Japan: Kirin counting on beer dispenser to help boost sales
Japan's Kirin Holdings is counting on its beer dispenser to help boost sales which had fallen for 16 straight years, the Nikkei Asian Review reported on March 20.
Kirin said it hopes its compact beer dispenser, Home Tap, will draw 100,000 subscribers this year. The company had rolled out the machine, which dispenses beer with a foamy head, in 2017 but a production bottleneck meant that it was unable to offer the service on a large scale until now.
"I want to make the beer market attractive at any cost," Takayuki Fuse, CEO of Kirin Brewery, a unit of Kirin Holdings told reporters recently at a news conference. He called Home Tap "an important pillar" for the business and "one of its efforts to revitalize the beer market."
The subscription service is for a range of fresh beer, including Kirin's key Ichiban Shibori brand, as well as craft beers. Subscribers only pay for the beers and get Home Tap for free during their term.
Even before the coronavirus outbreak, the Japanese beer industry has been facing a fall in consumption. In addition to increasing health consciousness, changes in the workplace -- due to more telecommuting and less obligatory socializing with bosses -- mean fewer people are hitting the pubs.
For Kirin, the price for a glass of 350 ml beer for Home Tap at around 400 yen ($3.67) is more profitable than canned beer sold in supermarkets.

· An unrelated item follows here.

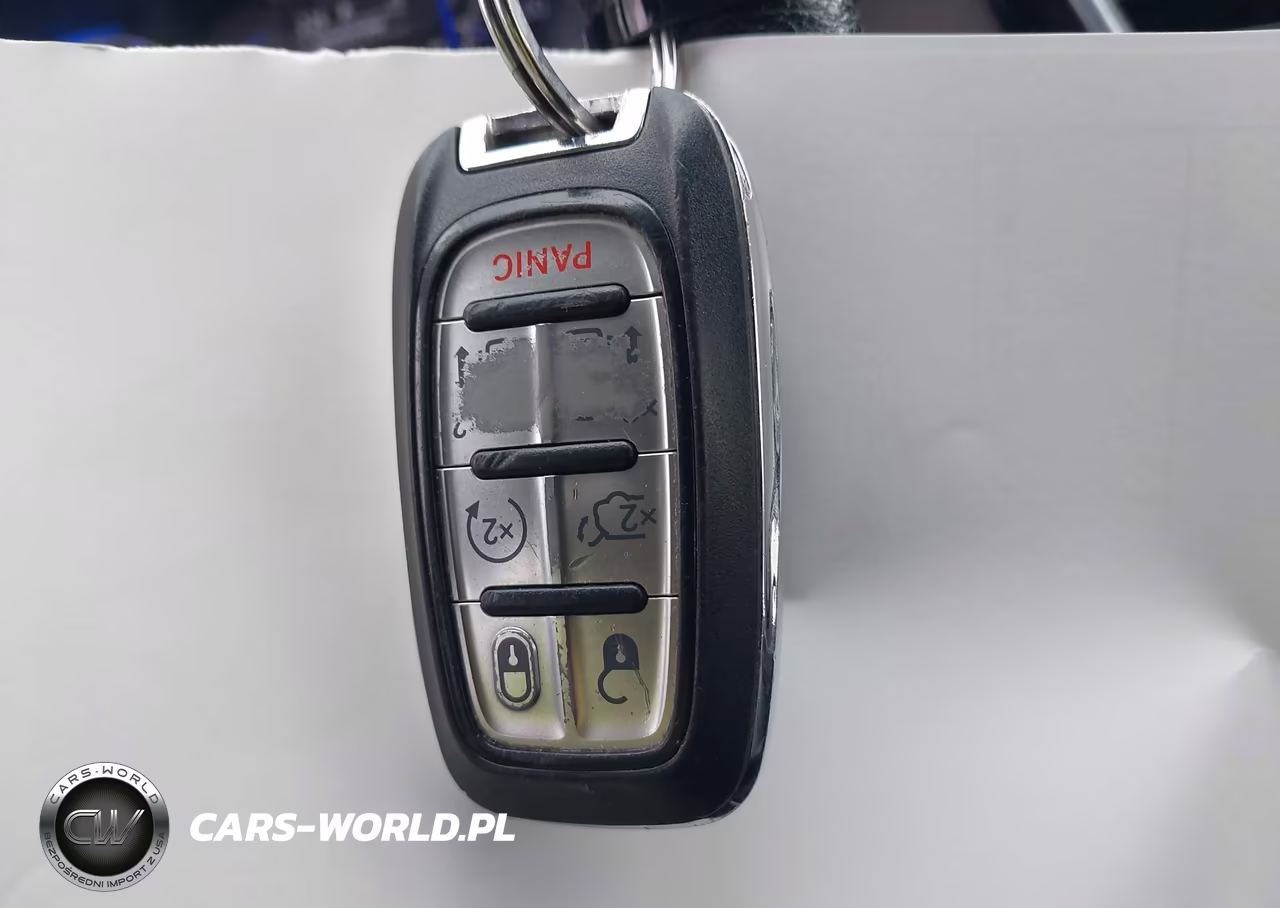 2020 Chrysler Voyager Lxi VIN:2C4RC1DG2LR195833 - 11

Kirin expects Home Tap to help boost its alcohol sales by 6.6% to 694.4 billion yen in 2021. To achieve this target, it will also focus on the craft beer business. The company in March launched a new craft beer brand called Spring Valley. It hopes to sell 20,000 kiloliters of Spring Valley and expand its craft beer market by 1.5 times from the current level within a year.